I was reading today a document written by Juval Lowy from IDesign "C# Coding standard - Guidelines and Best Practices V2.2" and under No 17 rule in Coding Practices I found next thing:
17. In a catch statement that throws an exception, always throw the original exception (or another exception constructed from the original exception) to maintain the stack of original error:
catch (Exception exception)
{MessageBox.Show(exception.Message);
throw exception;
}
I think this definitely is not a best practice, and I'll try to explain why:
throw ex
The problem this practice tries to solve is that in case of rethrowing of exception in catch block stack pointer moves from the original exception line to line of rethrowing of exception
1: using System;
2: namespace ThrowExample
3: { 4: internal class Program
5: { 6: public static void ThrowException()

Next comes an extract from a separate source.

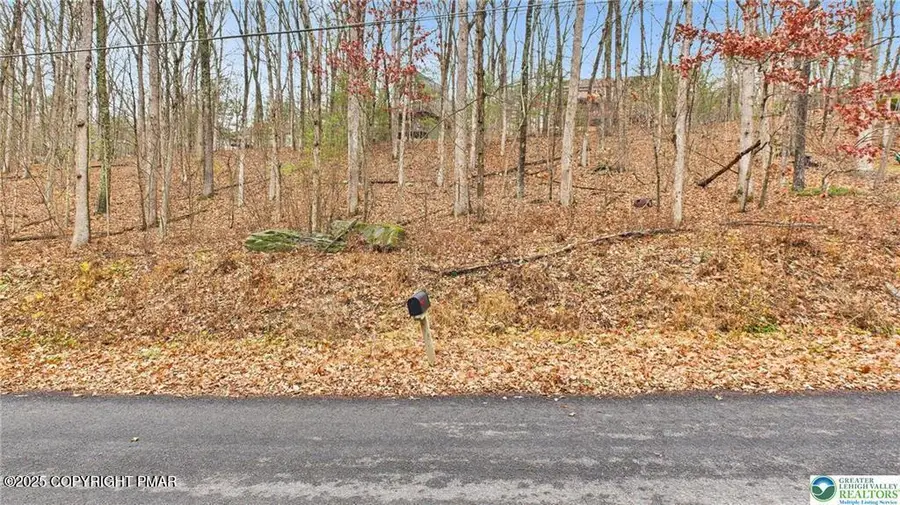 221 Brookdale Dr 221 Drive, Bartonsville, PA 18321 - Image #3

7: { 8: throw new NotImplementedException("Exception thrown!"); //Line 8 9: }
10:
11: private static void Main()
12: { 13: try
14: { 15: ThrowException(); //Line 15
16: }
17: catch (Exception e)
18: { 19: Console.WriteLine(e.Message);
20: throw e; //Line 20
21: }
22: }
23: }
24: }
Stack result would be
"Exception thrown!"
at ThrowExample.Program.Main() in D:\Documents\Documents\Blog material\Throw\ThrowExample\ThrowExample\Program.cs:line 20
at System.AppDomain.nExecuteAssembly(Assembly assembly, String[] args)
...
That's why IDesign suggest MessageBox printing of stack trace before it is been destroyed, but this is bad practice because it is:
- Approach tied to specific UI technology (what with ASP NET app?)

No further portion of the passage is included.